= TheLights =

English pop band

TheLights are an English pop band from Birmingham, UK. The five-piece consists of Shaun Kelly (vocals and guitar), Liz Sheils (vocals, keyboard), Dan Tombs (guitar and vocals), Gary Worton (Bass), Warren Meadows (Drums).

"Teenager of the Century", the band's début album, was released in October 2011 and recorded over the course of ten days by producer Gavin Monaghan (Editors, Ocean Colour Scene, Robert Plant, Paolo Nutini and Scott Mathews). The début received many positive reviews ("a shimmering piece of indie pop" said Indie London and Gigs and Festivals calling them "one of the brightest new bands to arrive on the UK music scene" ) and saw theLights play extensively throughout 2011-2012, including a performance at the inaugural Strummer of Love festival, Cockrock 2012 and the BBC club. In September 2012 the band played the Birmingham Symphony Hall as part of the Birmingham Artsfest festival.

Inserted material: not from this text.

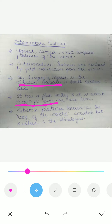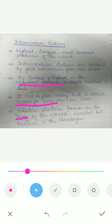The Tibetan Plateau is also known as the 'Roof of the World.' It is located between the Kunlun mountains and the Himalayas, and is also called the 'Heart of Asia.'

With the release of Teenager of the Century, the band have garnered radio support from the likes of Radio 2, BBC 6 Music, BBC WM, BBC Tees, BBC Cambridge, Amazing Radio, BFBS and Q Radio

The band signed to Integrity records in October 2012 for the release of their single 'Days don't get me far enough away' supported by a video starring BBC Radio 2 DJ's Jeremy Vine, Alex Lester, Janice Long plus BBC 6 Music DJ Chris Hawkins.